Pio took a card from his wallet and handed it to him. 'I would appreciate it if you kept me informed of your movements. If you leave the city. If you go anywhere where it would be difficult for us to reach you.'

Harry took the card and slipped it into his jacket pocket, then his eyes came back to Pio.

'You won't have any trouble finding me.'

7

Euro Night Train, Geneva to Rome.

Tuesday, July 7, 1:20 a.m.

Cardinal Nicola Marsciano sat in the dark, listening to the methodic click of the wheels as the train picked up speed, pushing southeast out of Milan toward Florence and then Rome. Outside, a faint moon touched the Italian countryside, bathing it in just enough light for him to know it was there. For a moment he thought of the Roman legions that had passed under the same moon centuries before. They were ghosts now, as one day he would be, his life, like theirs, scarcely a blip on the graph of time.

Train 311 had left Geneva at eight-twenty-five the night before, had crossed the Swiss-Italian border just after midnight, and would not arrive in Rome until eight the next morning. A long way around, considering it was only a two-hour flight between the same cities, but Marsciano had wanted time to think and to be alone without intrusion.

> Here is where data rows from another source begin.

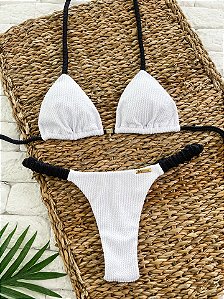 Calcinha Frufru Fio duplo Mykonos (CORTININHA NÃO INCLUSO)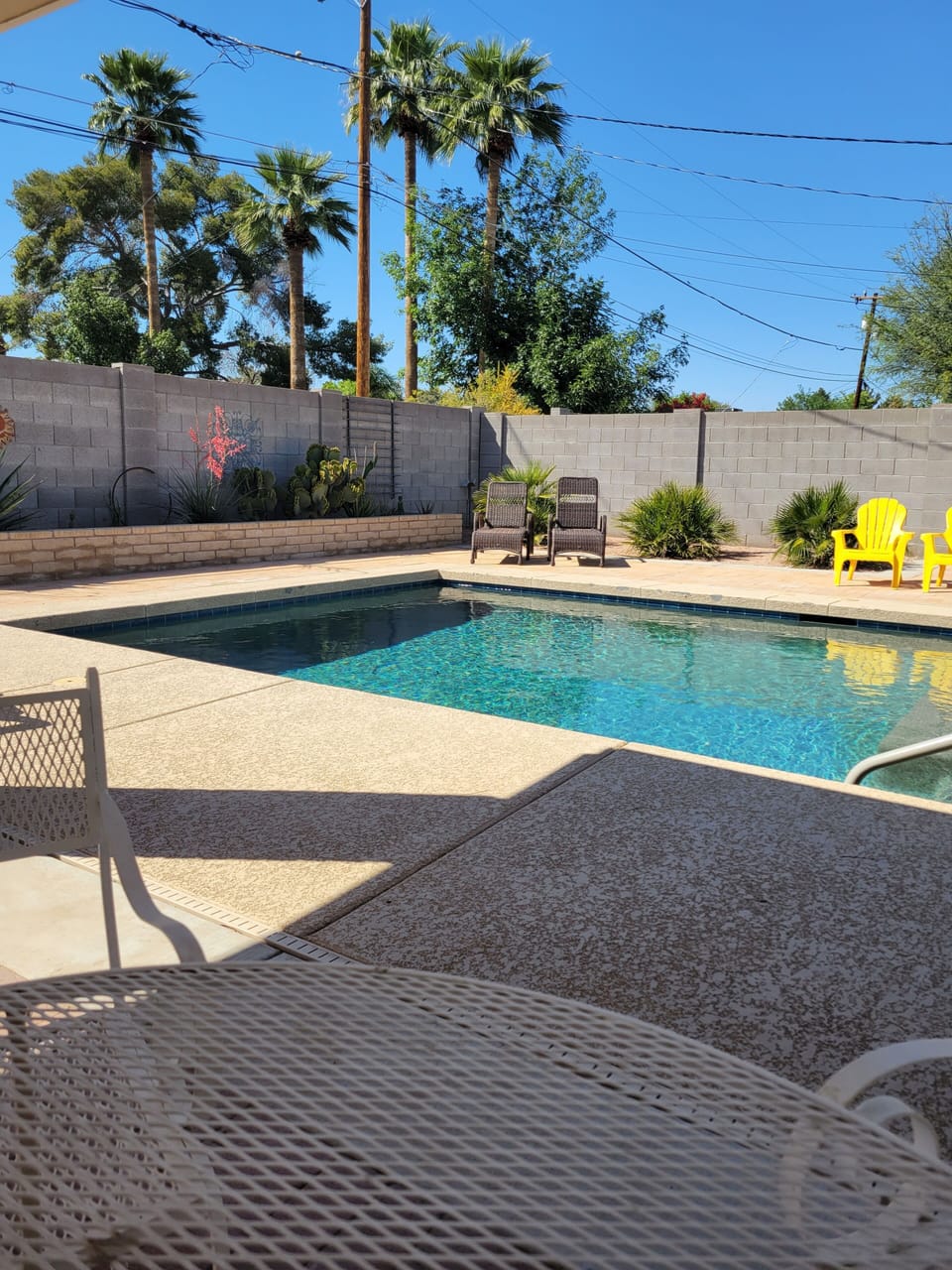 Outdoor pool area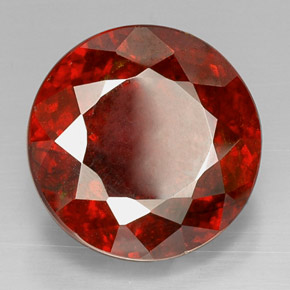 Esfalerita laranja natural 27,80ct, corte redondo, VS-SI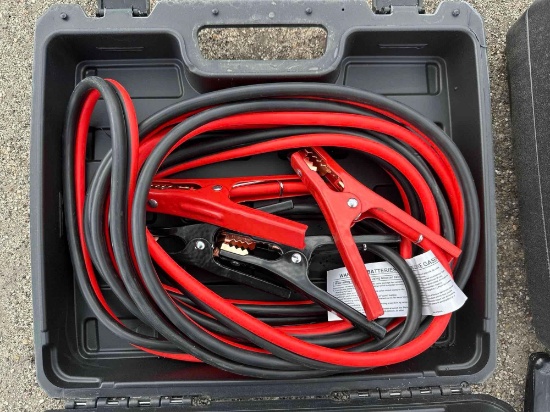 PRO START HEAVY DUTY BOOSTER CABLES 4 GAUGE 20 FT NEW SUPPORT EQUIPMENT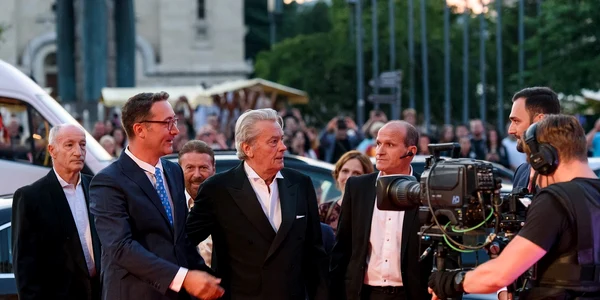 Alain Delon Gala inchidere   foto Nicu Cherciu  jpeg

As a servant of God he normally wore the vestments of his office, but today he traveled in a business suit to avoid attracting attention. To that same end his private compartment in the first-class sleeping car had been reserved under the name N. Marsciano. Honest, yet simple anonymity. The compartment itself was small, but it provided what he needed: a place to sleep, if he ever could; and, more important, a moving station to receive a call on his cellular phone without fear it would somehow be intercepted.

Alone in the darkness, he tried not to think of Father Daniel – the accusations of the police, the evidence they had discovered, the bombed bus. Those things were past, and he dared not dwell on them, even though he knew at some point he would have to confront them again personally. They would have everything to do with his future, the future of the Church, and whether either could survive.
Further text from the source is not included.